I once refused delivery on a MB I'd already ordered, when I
called back to ask that the BIOS was dated correct and current, as
advertised, revised for a CPU requiring the update, I'd also selected
to include in the same order. The shop I was buying from, someone not
so much in the know suggested I buy another CPU, locally, and return
it for my money back, once having done my own BIOS update, in case the
MB didn't work with their CPU.


There is currently a situation in the AMD CPU camp exactly like that. As
I understand it, if you buy certain board+CPU combos, you'll need to use
a previous gen CPU, temporarily, to flash the board so that it
recognizes the newer CPU. AMD is aware of the situation and offers, free
upon request, loaner CPUs via postal mail. You're expected to use it to
flash the board, then return it to AMD.

https://www.amd.com/en/support/kb/faq/pa-100
Check the section titled, "Short Term Processor Loan Boot Kit"

I'd hope a question of a better PS than you have is indicated. Both
recent Gigabyte board purchases I made from NewEgg this past six
months do well enough for stock voltages on 95W CPUs (10% overclocking
at 4GHz for a stock 3.6 quad and 3.6 on a stock 3.3GHz octal). With
whatever I've thrown them from discount $20 PS sales on a couple
500-watt EVGAs. Not especially an impressive feat of engineering, if
ASRock marginally choked-out your CPU at below standard
specifications, then, leaving enduser customers to figure it out.


In over 40 years of working with PC hardware and doing system builds, I
can't remember another time where the BIOS defaults let me down. Plenty
of times where I voluntarily changed something, but not where I couldn't
even boot with the defaults. That might be a first for me.

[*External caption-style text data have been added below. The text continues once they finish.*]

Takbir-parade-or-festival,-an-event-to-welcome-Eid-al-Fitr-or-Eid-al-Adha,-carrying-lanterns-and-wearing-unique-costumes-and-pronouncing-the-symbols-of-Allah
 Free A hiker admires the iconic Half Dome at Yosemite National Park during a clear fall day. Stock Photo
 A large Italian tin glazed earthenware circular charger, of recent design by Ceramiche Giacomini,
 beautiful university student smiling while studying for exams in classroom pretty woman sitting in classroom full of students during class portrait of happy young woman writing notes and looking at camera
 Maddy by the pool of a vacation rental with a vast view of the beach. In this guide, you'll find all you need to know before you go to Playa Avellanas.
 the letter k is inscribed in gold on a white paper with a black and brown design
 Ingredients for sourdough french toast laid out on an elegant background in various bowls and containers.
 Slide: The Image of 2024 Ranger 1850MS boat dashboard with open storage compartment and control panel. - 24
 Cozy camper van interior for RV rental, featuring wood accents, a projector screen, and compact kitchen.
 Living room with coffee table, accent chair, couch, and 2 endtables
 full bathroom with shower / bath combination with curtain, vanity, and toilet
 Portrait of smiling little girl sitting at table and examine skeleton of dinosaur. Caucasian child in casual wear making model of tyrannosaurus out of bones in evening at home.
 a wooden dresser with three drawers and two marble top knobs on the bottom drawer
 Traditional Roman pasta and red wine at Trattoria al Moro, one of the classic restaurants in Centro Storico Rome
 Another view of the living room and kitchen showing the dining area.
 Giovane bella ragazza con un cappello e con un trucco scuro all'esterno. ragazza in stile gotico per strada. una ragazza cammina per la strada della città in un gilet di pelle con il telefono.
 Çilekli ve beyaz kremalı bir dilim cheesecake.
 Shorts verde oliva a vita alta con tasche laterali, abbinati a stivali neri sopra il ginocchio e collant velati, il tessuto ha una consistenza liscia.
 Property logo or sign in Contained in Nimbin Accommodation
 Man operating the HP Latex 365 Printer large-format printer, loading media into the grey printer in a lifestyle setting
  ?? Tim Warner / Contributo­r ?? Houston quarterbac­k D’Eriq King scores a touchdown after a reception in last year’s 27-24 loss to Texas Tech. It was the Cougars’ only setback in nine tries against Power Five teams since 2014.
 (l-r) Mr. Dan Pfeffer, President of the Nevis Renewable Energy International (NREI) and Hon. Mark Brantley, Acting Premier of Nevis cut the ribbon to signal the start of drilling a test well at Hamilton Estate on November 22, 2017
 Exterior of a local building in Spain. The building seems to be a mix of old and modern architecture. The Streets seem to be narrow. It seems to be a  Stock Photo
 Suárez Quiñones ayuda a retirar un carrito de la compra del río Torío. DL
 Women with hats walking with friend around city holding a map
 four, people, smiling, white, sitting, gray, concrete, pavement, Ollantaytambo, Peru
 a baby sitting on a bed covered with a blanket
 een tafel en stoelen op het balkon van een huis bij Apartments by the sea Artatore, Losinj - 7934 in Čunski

...You mention twenty OS install attempts and such. An unusual
fortitude, long before then, many would have returned on for their
money back.


I would say the number is much greater than 20. Probably close to 40 on
the first board, before I RMA'd it because I thought it was defective.
(ASRock agreed that it was probably defective.) Then another 30-40
attempts with the replacement board. I'm apparently a slow learner.